Connecting to a Remote Host

To connect to a remote host, you can use SSH:

ssh user@IP

Root Directory Structure

Root Directory Structure

Directory Contents
bin This directory contains binary (executable) files for system commands, such as 'cat,' 'cp,' and 'mkdir.'
boot It holds the necessary content for the system's boot process, like the boot manager 'grub2.'
dev This directory contains all device files, such as sound cards, hard drives, and optical drives.
etc Abbreviation for "etcetera," this is where the main configuration files for the system are stored.
home The directory where user home directory data is stored.
lib This is the library directory where the necessary library files for commands in the 'sbin' and 'bin' directories are kept to avoid duplication.
lib32/lib64 These directories store binary function libraries, supporting both 32-bit and 64-bit systems.
lost+found In EXT3/4 systems, when the system crashes or shuts down unexpectedly, some fragment files are generated in this directory. The 'fsck' tool checks this directory on system startup and repairs damaged files.
media This directory is used for mounting devices like CDs, floppy disks, and DVDs.
mnt Similar to 'media,' this directory is used for temporarily mounting storage devices.
opt It's the directory for storing third-party software installations.
proc This directory is for storing process and kernel information and does not consume hard disk space.
root The home directory for the 'root' user.
run This is a temporary file system that stores information since the system started. Files in this directory should be deleted or cleared when the system is rebooted.
sbin Abbreviation for "system bin," it stores commands used by the 'root' user, such as the formatting command 'mkfs.'
srv It contains data files required by some network services.
sys Similar to the 'proc' directory, it is used to record information related to the CPU and system hardware.
tmp This directory is for storing temporary files generated during program execution.
usr It's the directory where the system stores programs, similar to the 'Program Files' folder in Windows.
var It is the directory for files that change frequently, such as system log files.

File Types

In Linux, everything is a file.

Common file extensions are as follows:

  • Extensions like .tar, .tar.gz, .tgz, .zip, .tar.bz indicate compressed files, typically created using commands like tar, gzip, zip, etc. The extension within a compressed file usually signifies the compression format used for easy selection of the appropriate extraction command.
  • .sh represents shell script files, which are programs developed using shell scripting.
  • .pl represents Perl language files, which are programs developed using the Perl language.
  • .py represents Python language files, which are programs developed using the Python language.
  • .html, .htm, .php, .jsp, .do represent web language files.
  • .conf represents configuration files for system services.
  • .rpm represents RPM installation package files.
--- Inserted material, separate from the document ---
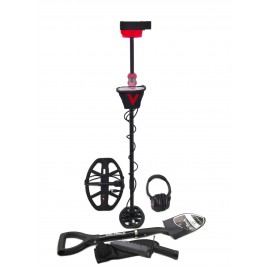 Kit Detector de metales...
Files mainly fall into the following types:

Regular Files

These include text files, binary files, and so on.

Executable Files

These encompass scripts and applications that the system can load and run, similar to bat scripts and exe program files in Windows.

Link files can be hard links or symbolic links:

  • Hard links are different aliases for the same file.
  • Symbolic links are akin to Windows shortcuts and are actually special files. In symbolic links, the file is, in reality, a text file containing the location information of another file.

Directory Files

In Linux, directories are also files.

Device Files

Hardware devices are also treated as files. By opening the corresponding device files, you can initialize devices, and in some cases, control hardware by reading and writing to device files.
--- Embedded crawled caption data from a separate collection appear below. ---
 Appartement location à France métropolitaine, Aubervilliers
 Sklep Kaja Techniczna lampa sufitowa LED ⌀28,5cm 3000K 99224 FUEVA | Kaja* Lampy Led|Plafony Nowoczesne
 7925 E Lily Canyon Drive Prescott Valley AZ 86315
Users and File Permissions

User Permissions

Linux is a multi-user operating system, and the user with full control over all resources on the system, including managing other users and the computer itself, is called the root user. In Linux, each user has a specific number called UID to identify a system user. The root user has a UID of 0. You can use the id command to view the UID of the current user. A user can belong to multiple GIDs (groups) to acquire different file permissions.

File Permissions

Linux file attributes consist of read, write, and execute permissions (allowing a file to be loaded into memory and executed by the operating system).

File permissions can be modified using the chmod command.

Command Line

Terminal Prompt

When you open a terminal, you'll see a prompt like this:

power@Linuxbook:~$

This indicates that the current user is "power," the hostname is "Linuxbook," "~" represents the home directory (i.e., /home/power), and "$" is the command prompt for a regular user. If you were a superuser, it would be "#" instead.

Commands

The basic format of a command is as follows (the last two parts are optional):

command [-options] [argument]

You can use the Tab key for auto-completion, and during command execution, you can terminate it with Ctrl + C.

  • command: The name of the command, such as cd, ls, and so on.
  • -options: Additional options for the command, e.g., ls -l. The command performs different operations depending on the specific options.
  • argument: Command parameters, such as /home in cd /home.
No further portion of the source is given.